The contributors to LeRobot include the biggest names in the industry, academic labs, and hobbyists building robots in their spare time. For instance, earlier this year, Alibaba released RynnBrain, an open-source foundation model for physical AI that the company claims outperforms comparable offerings from Google and Nvidia on benchmarks. That diversity of projects, Delangue says, is important.
“It is not just one model or one dataset or one hardware,” he says. “It is a lot of small contributions that everyone can be part of.”
Commercial incentives muddle the field
The stakes, Delangue says, go beyond convenience. A world where only a few proprietary systems control the robots in people’s homes is a concerning one. “Having robots at home that you don’t really understand, that you don’t really control, that a few people in Silicon Valley control is a scary thought,” he says. “Open source gives an alternative path.”
But getting there is not straightforward. The open sourcing happening now looks different from what produced ROS, which emerged largely from academics pooling their work with no commercial stake in the outcome. The biggest contributors today are companies with clear business reasons to want more people building on their platforms. That’s not necessarily a bad thing, says Bill Smart, a professor at Oregon State University, in Corvallis, who was part of the early open-source robotics community. But the incentives are worth being aware of.

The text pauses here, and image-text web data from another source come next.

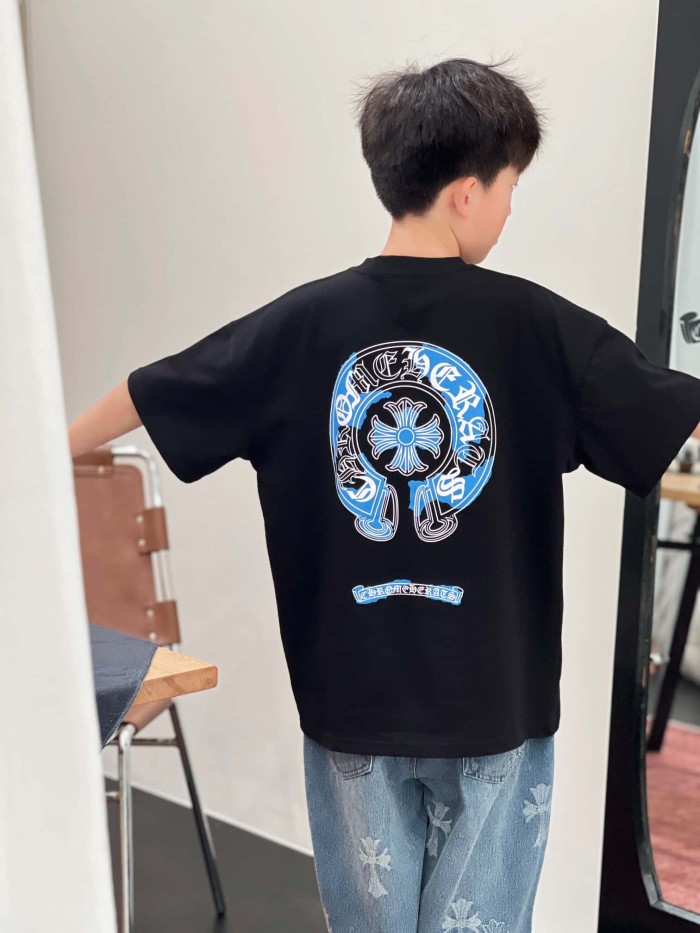 Inspired Back Gothic Cross Print T-Shirt 2 colors for Kids 29009016
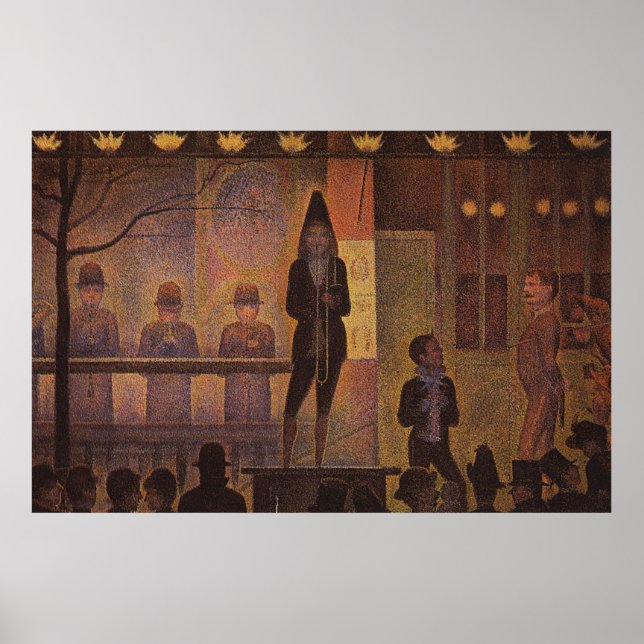 Poster Seurat's The Circus Sideshow (Parade de Cirque) (Frente)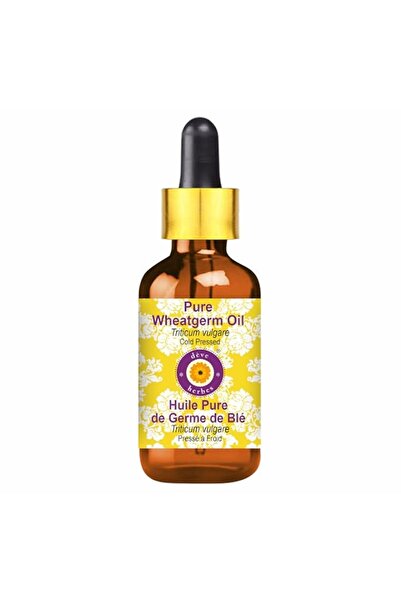 Generic Brand Deve Herbes Pure Wheatgerm Oil (Triticum vulgare) with Glass Dr...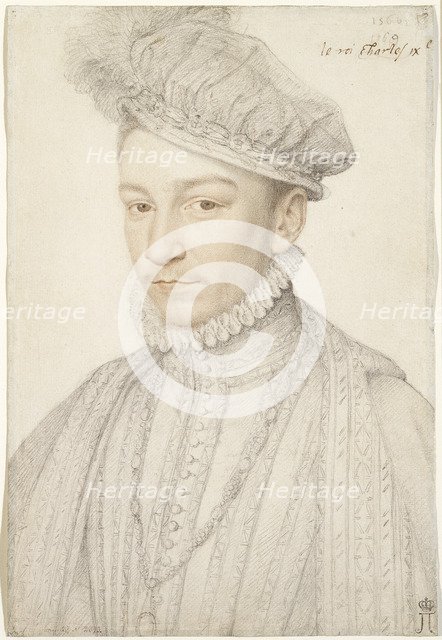 Portrait of King Charles IX of France (1550-1574).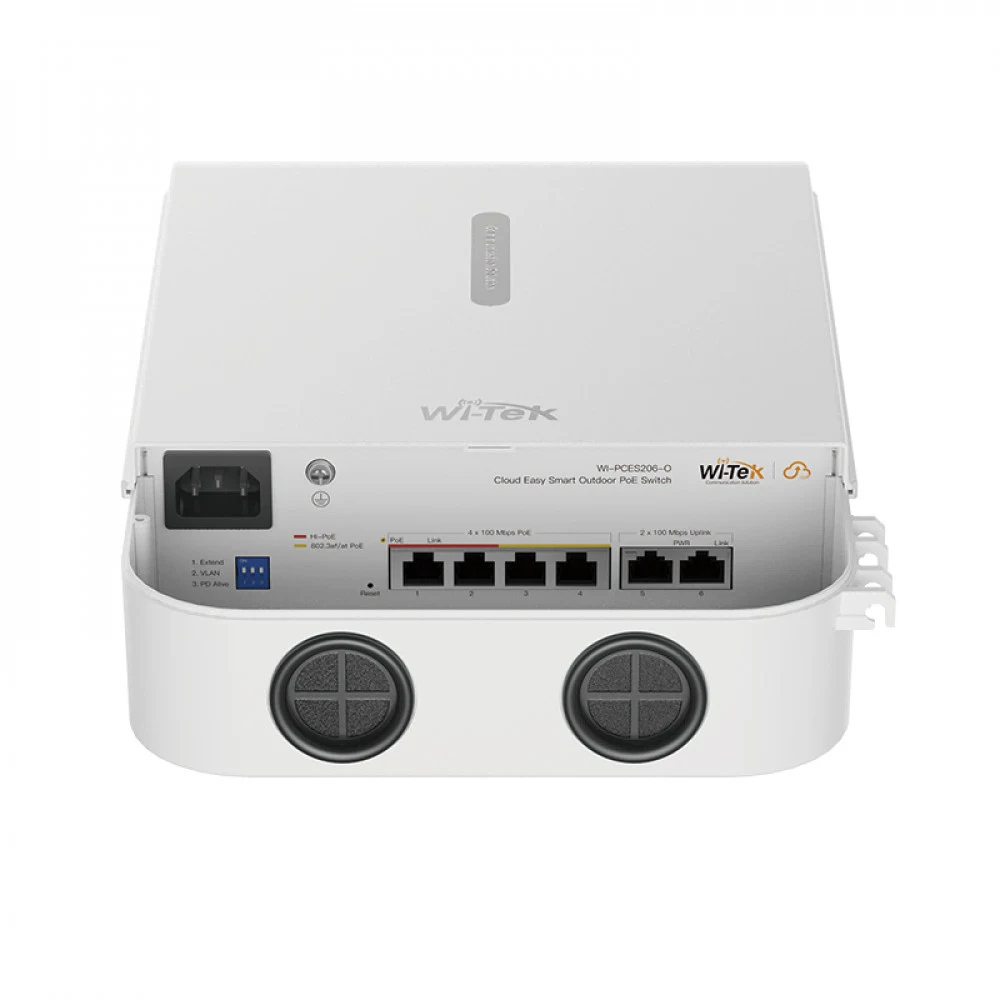 Wi-Tek WI-PCES206-O Уличный управляемый 4-портовый PoE коммутатор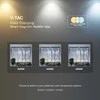 V-tac 23W LED SMART šviestuvas į magnetinius bėgelius, 48V, juodas, 3000-6500K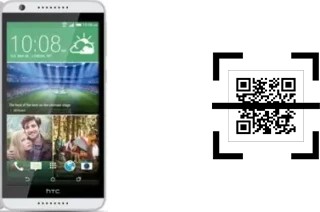 How to read QR codes on a HTC Desire 820s?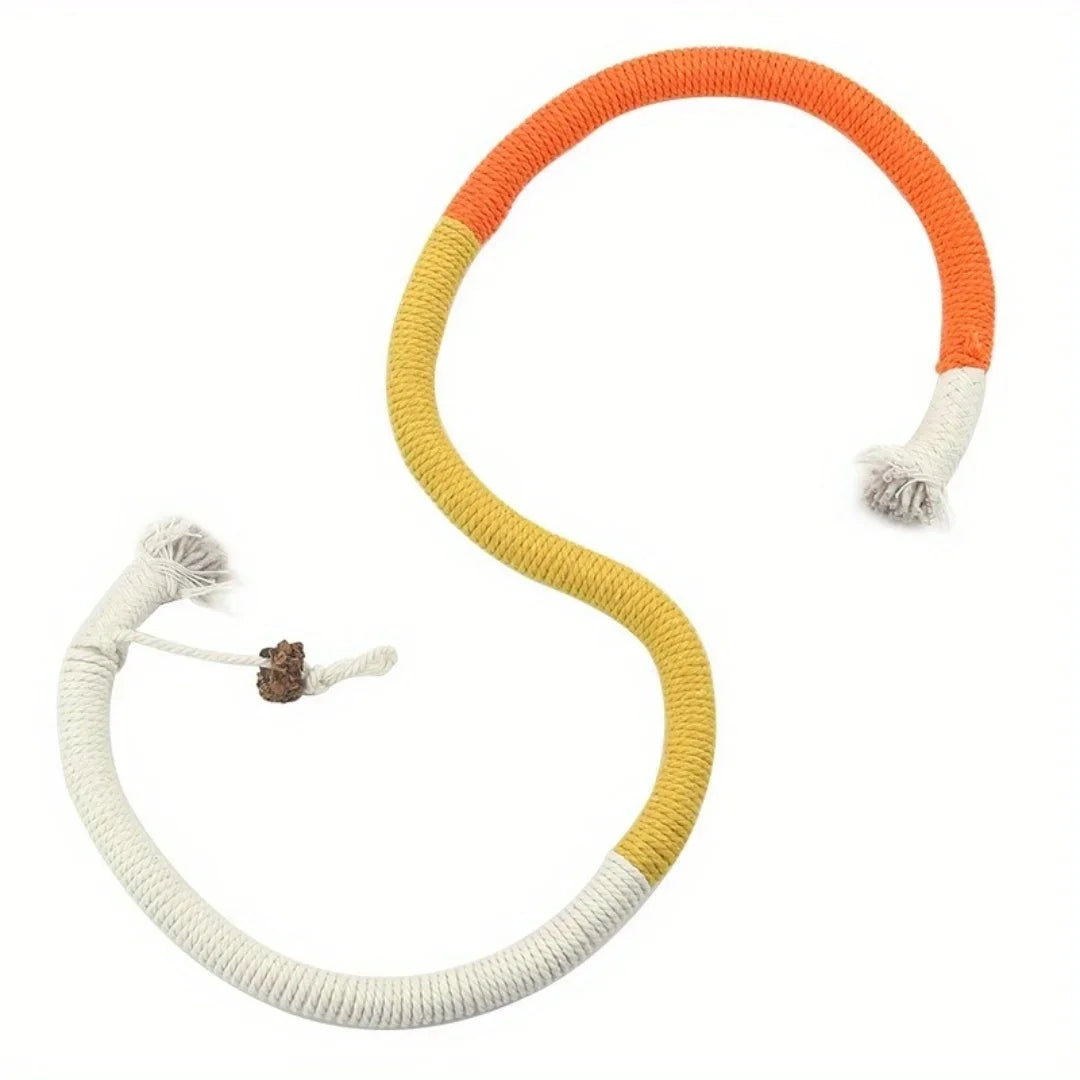 Cat Bite Rope Mute Self-hi Bite-resistant Grinding Stick Kitten Toy New Cat Stick Gutta Percha Toy Catnip Pet Toys Pet Products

He also worries that the lowered barrier to entry has a downside. Researchers coming from AI without a robotics background are sometimes solving problems the field already solved. A newcomer might spend a week training a neural network to move a robot’s hand from one point to another, unaware that the same task can be accomplished with a few lines of code using decades-old techniques. The incentives are not always pointing in the same direction as the progress.
Smart is not without hope though. Whatever the motives behind the open sourcing, he says, the effect is real. More people are in the field than ever before, the tools are genuinely easier to use, and the community is bigger and more diverse than anything that existed when ROS was getting started.
“Anyone can make a robot move now,” he says. “As an old tech guy, that makes me happy and sad, because I’m no longer special.”